REQUIRED ACTION
The answer is the line containing "2022 Toyota Tacoma SR5 - Photo 15" plus every line after it to the end of the material, retyped exactly and without the pictures.

RECORDS FOR THIS EXERCISE
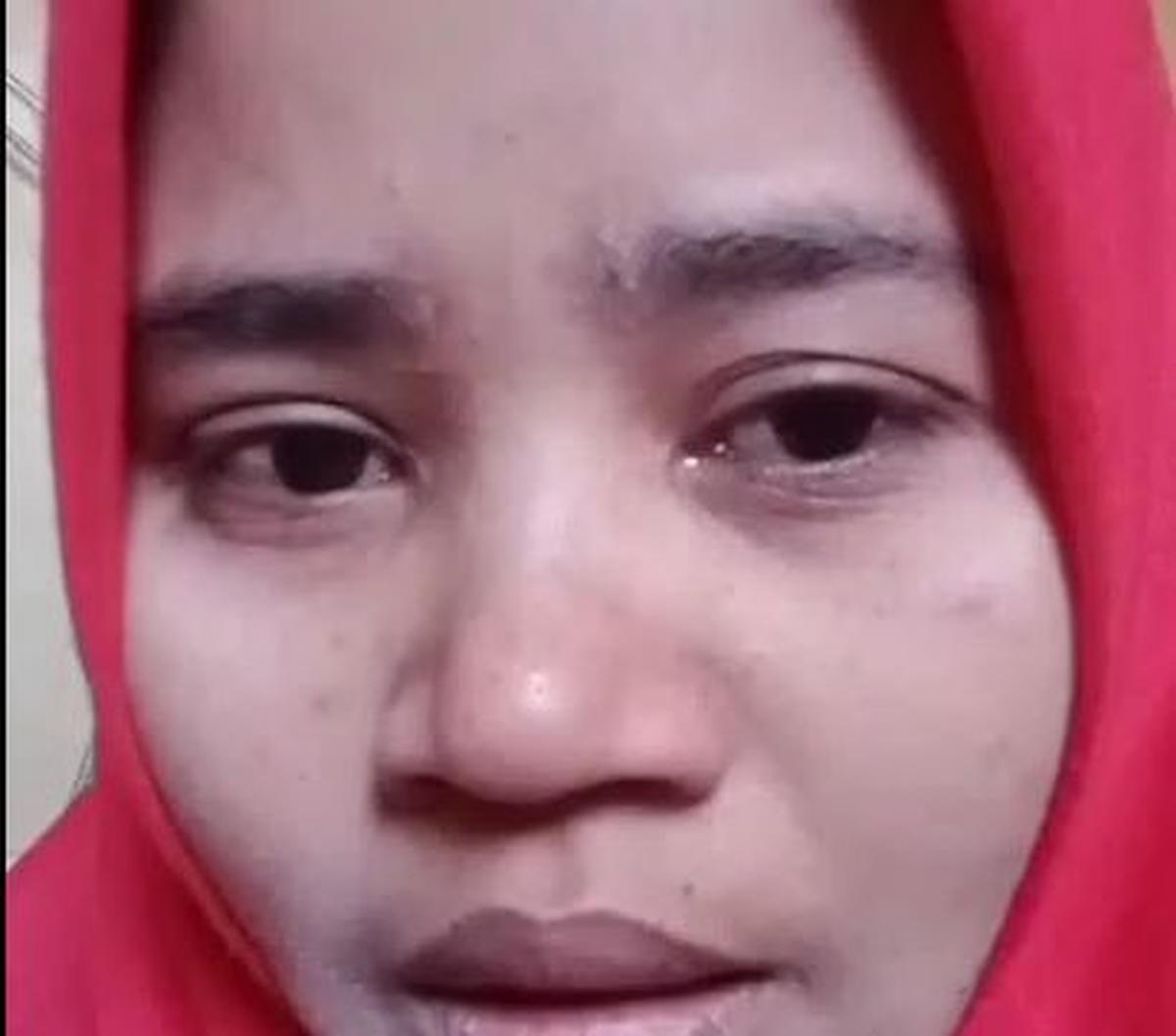 "Jadi Aas berangkat ke Saudi pada Ramadan kemarin dengan diimingi gaji besar dan enak pekerjaannya, pakai visa turis," kata Mukti Ali, perwakilan keluarga Aas di Cabangbungin, Kabupaten Bekasi, Rabu (26/7).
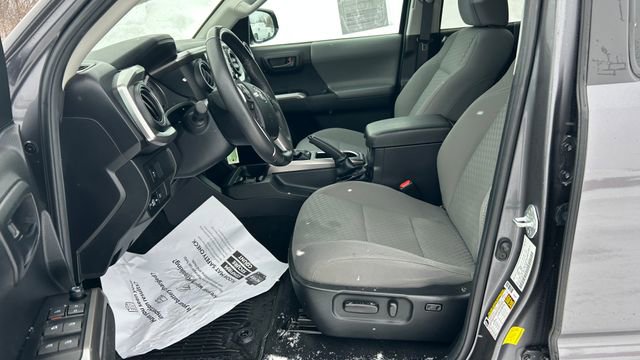 2022 Toyota Tacoma SR5 - Photo 15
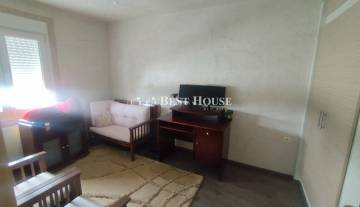 5 L7416 Nees Photo.jpg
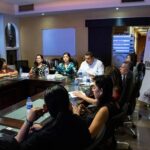 ANDREA CHÁVEZ ENTREGA PAN Y CAFÉ A JUARENSES QUE MADRUGAN PARA IR A LA MAQUILA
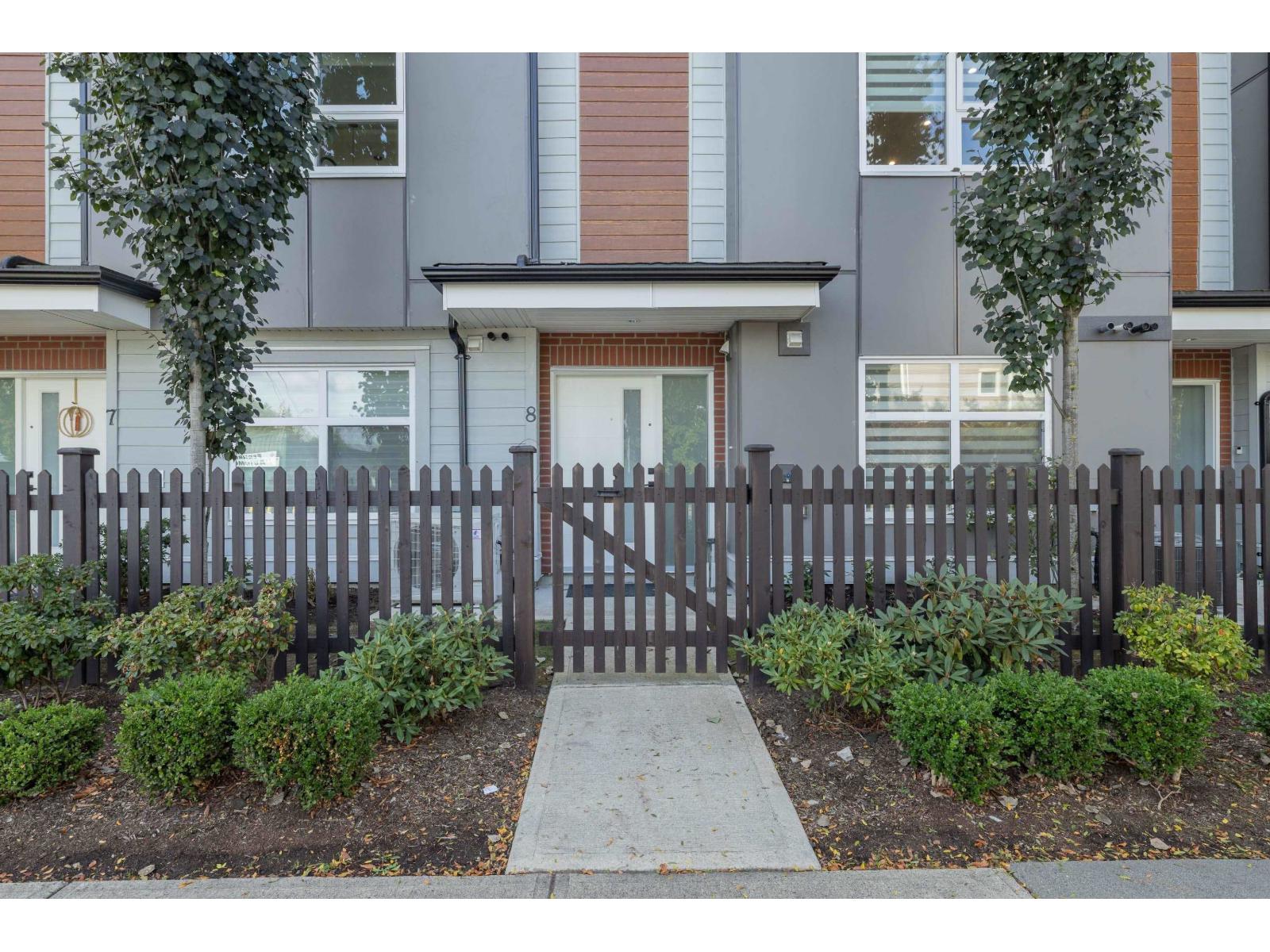 8 22334 48 Avenue, Langley, British Columbia  V3A 3N5 - Photo 2 - R3051980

EXERCISE RESPONSE
 2022 Toyota Tacoma SR5 - Photo 15
 5 L7416 Nees Photo.jpg
 ANDREA CHÁVEZ ENTREGA PAN Y CAFÉ A JUARENSES QUE MADRUGAN PARA IR A LA MAQUILA
 8 22334 48 Avenue, Langley, British Columbia  V3A 3N5 - Photo 2 - R3051980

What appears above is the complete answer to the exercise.